Set down the whole listing below exactly, without pictures.

[[ Records supplied open ]]

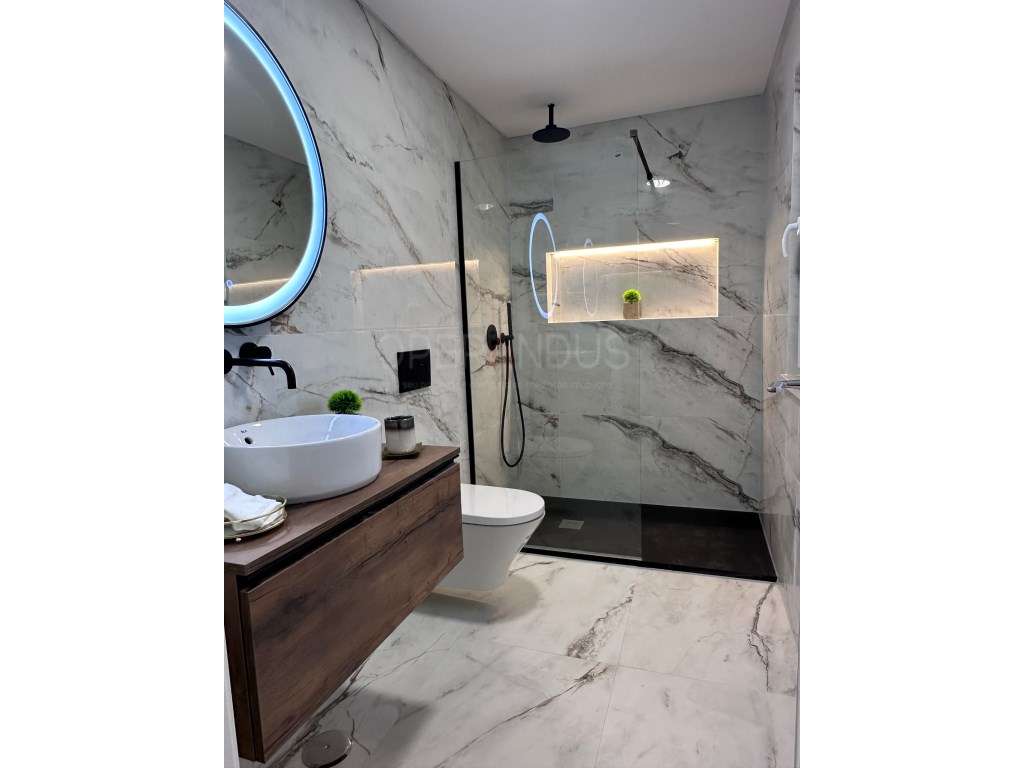 Moradia Isolada T4 Venda Almada-13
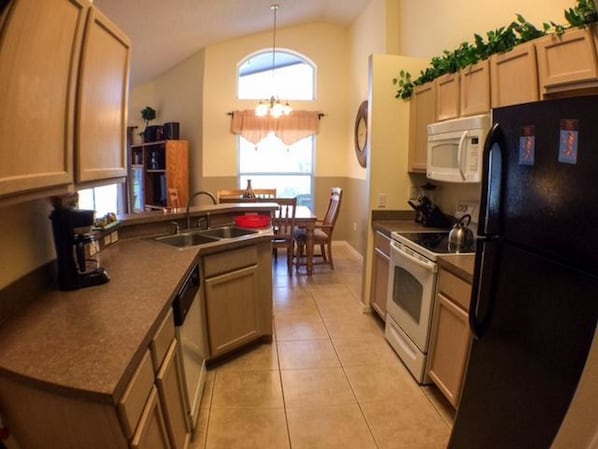 Apartment | Private kitchen | Fridge, microwave, oven, stovetop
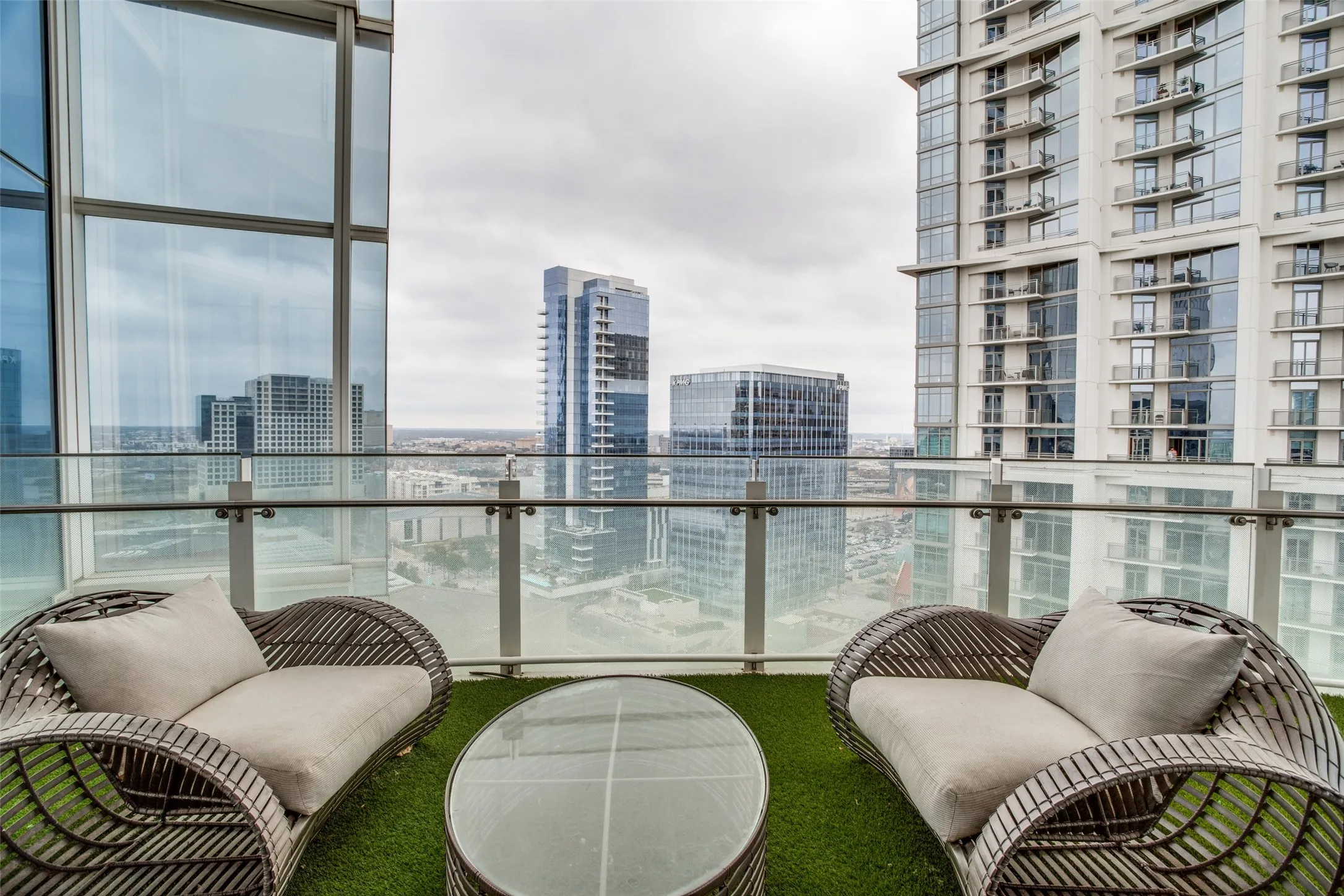 Condominium For Rent in Dallas County , 1918 Olive Street 1902, Dallas, Texas 75201, 2 Bedroom, 3 Bathroom, 3 Garage spaces, 4,998 Sqft, built in 2014, mls#21410489, Real Estate Agent in Dallas, Homes For Rent in Dallas county, Homes For Rent in Dallas, Realtor in Dallas Texas, Real Estate Brokerage Independent Realty Texas, Luminita Cordes Realtor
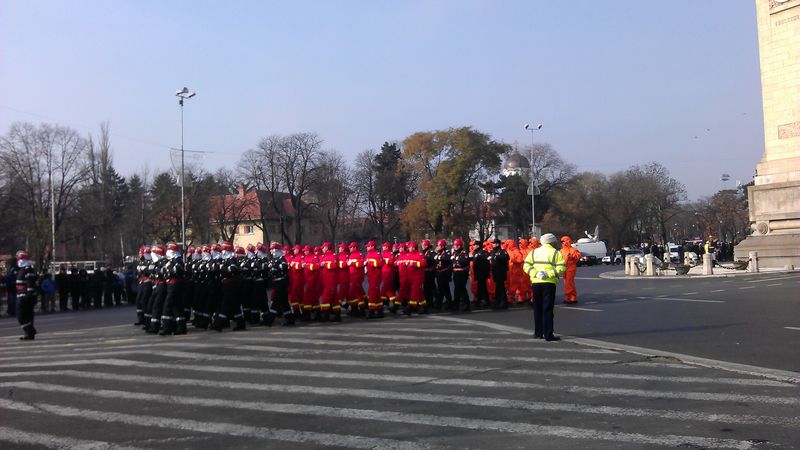 romanii au armata parada de 1 decembrie 2011 romanii sunt destepti 236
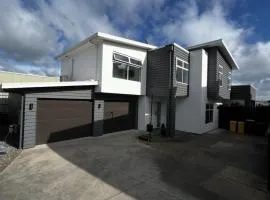 Papamoa Family Beach House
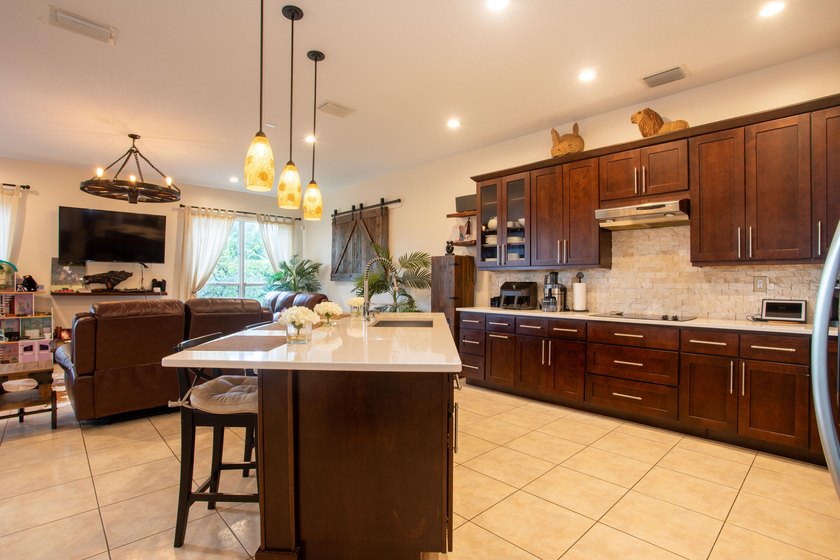 Beautiful two-story home located in The Estates at Madison Green - photo 15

[[ Records supplied closed ]]

# Response area
 Moradia Isolada T4 Venda Almada-13
 Apartment | Private kitchen | Fridge, microwave, oven, stovetop
 Condominium For Rent in Dallas County , 1918 Olive Street 1902, Dallas, Texas 75201, 2 Bedroom, 3 Bathroom, 3 Garage spaces, 4,998 Sqft, built in 2014, mls#21410489, Real Estate Agent in Dallas, Homes For Rent in Dallas county, Homes For Rent in Dallas, Realtor in Dallas Texas, Real Estate Brokerage Independent Realty Texas, Luminita Cordes Realtor
 romanii au armata parada de 1 decembrie 2011 romanii sunt destepti 236
 Papamoa Family Beach House
 Beautiful two-story home located in The Estates at Madison Green - photo 15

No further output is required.